1. The origin of Young green rice:
Young green rice (or Com in Vietnamese) is made from cooked glutinous rice by roasting and sifting it until all the rice husk is left. Although this dish can be found in many parts of Vietnam but it is extremely popular in Northern’s cuisine, especially in Hanoi. Among the ethnic minority groups in the Northern part of Vietnam, glutinous rice which is used to make young green rice is usually young glutinous rice.
2. Ingredients and preparation:
Young green rice is the traditional dish that owns the most simply ingredients among a thousand of Vietnamese delicious dishes:
- Young glutinous rice, or in some provinces, people can use old rice instead.
- Wood.
- Green lotus leaves.
3. Cooking method:
- Firstly, you have to reap seeds of rice, remove the straw and then soak it carefully with water. After that, put the seeds into a pan.

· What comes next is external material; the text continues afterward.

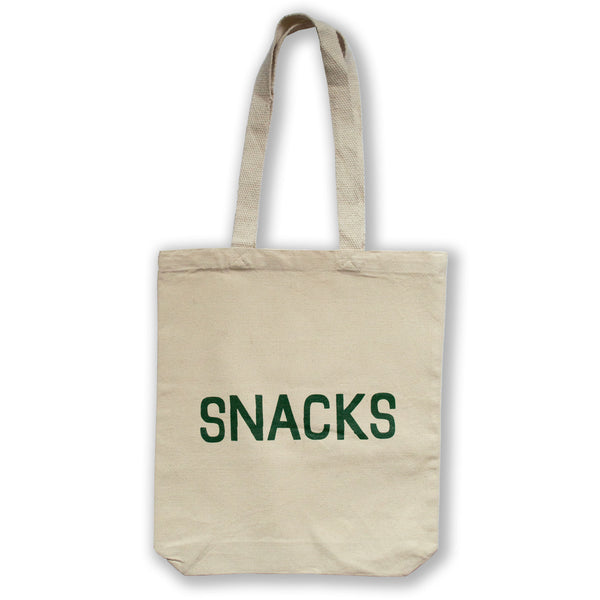 canvas tote embroidered with the word "snacks" in dark green all caps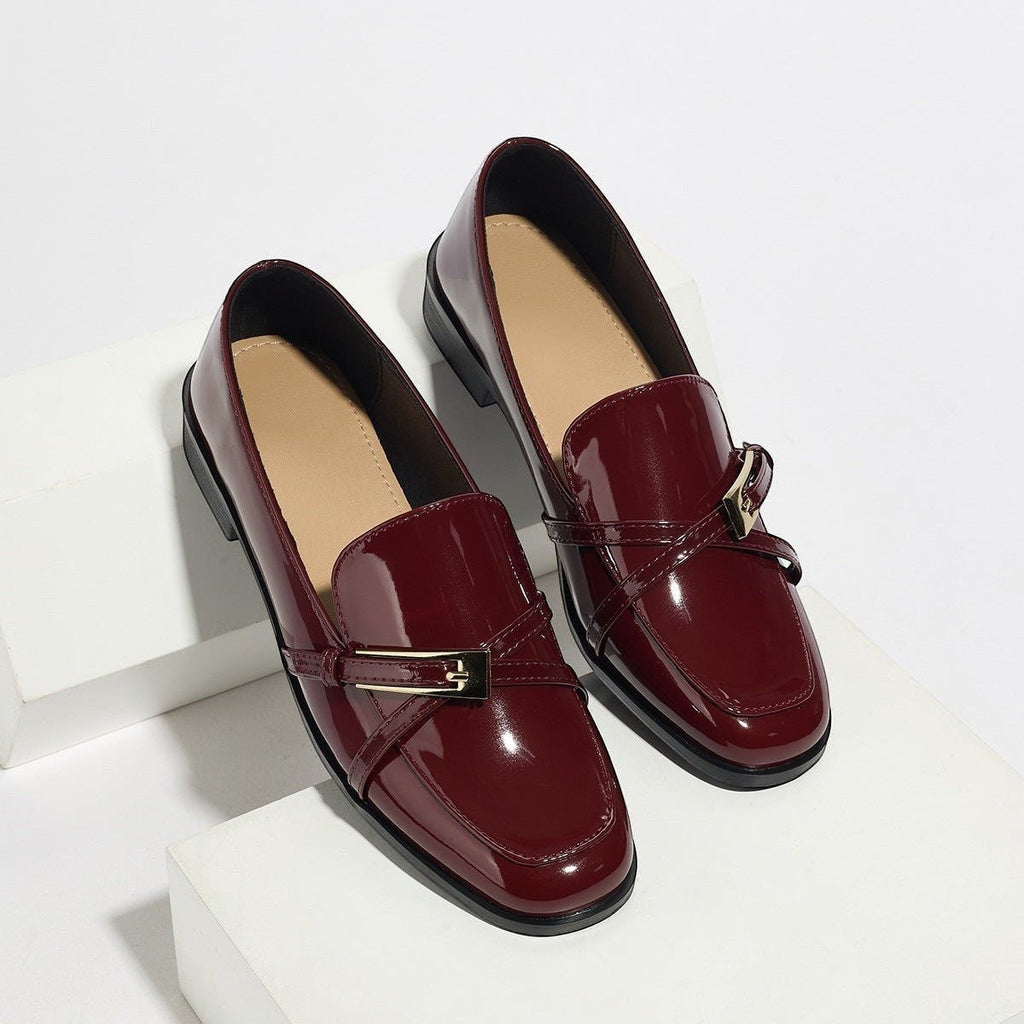 ZOFIA ATELIER burgundy patent leather square toe loafers with gold buckle detail.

- Using wood to burn the oven and must use a cast iron pan to roast. Young green rice is roasted with a low temparature and flip constantly in order to keep the heat. When roasting within 30 minutes, check it by putting five seeds on a piece of wood and stroke strongly. If two seeds are shelled, and the three remaining seeds are not shelled, young green rice is well-done.
- After having roasted, you have to wait until it cool and put each batch into the mortar. The rice is pounded in about 10 minutes. The rice husk must be exposed. Usually, depending on the the youth of rice when harvesting, the pounder will estimate the number of times to grind.
- Finished young green rice will be wrapped in two layers of leaves and tied by bamboo strings. The inner layer is green leaf which is used to keep young green rice cool and not fade into turquoise color. The outer layer is lotus leaf and its effectiveness is keeping the fragnance of young green rice.
4. Some types of Young green rice around Hanoi:
There are many places around Hanoi own the best Young rice cake that visitors cannot find in anywhere, such as:
- The most famous place, Vong village’s Young rice cake at Dich Vong ward, Cau Giay district, Hanoi.
- The second place is Me Tri’s Young rice cake at Me Tri ward, Nam Tu Liem district, Hanoi.
Young green rice can also be used to make many tatsy dishes such as Young rice cake, or Young green rice sweet gruel that appear a lot of visitors when they come to visit this land. Enjoying Young green rice, you totally have a feeling of missing your hometown and a litte bit of peach in Hanoi’s fall with light yellow sunshine.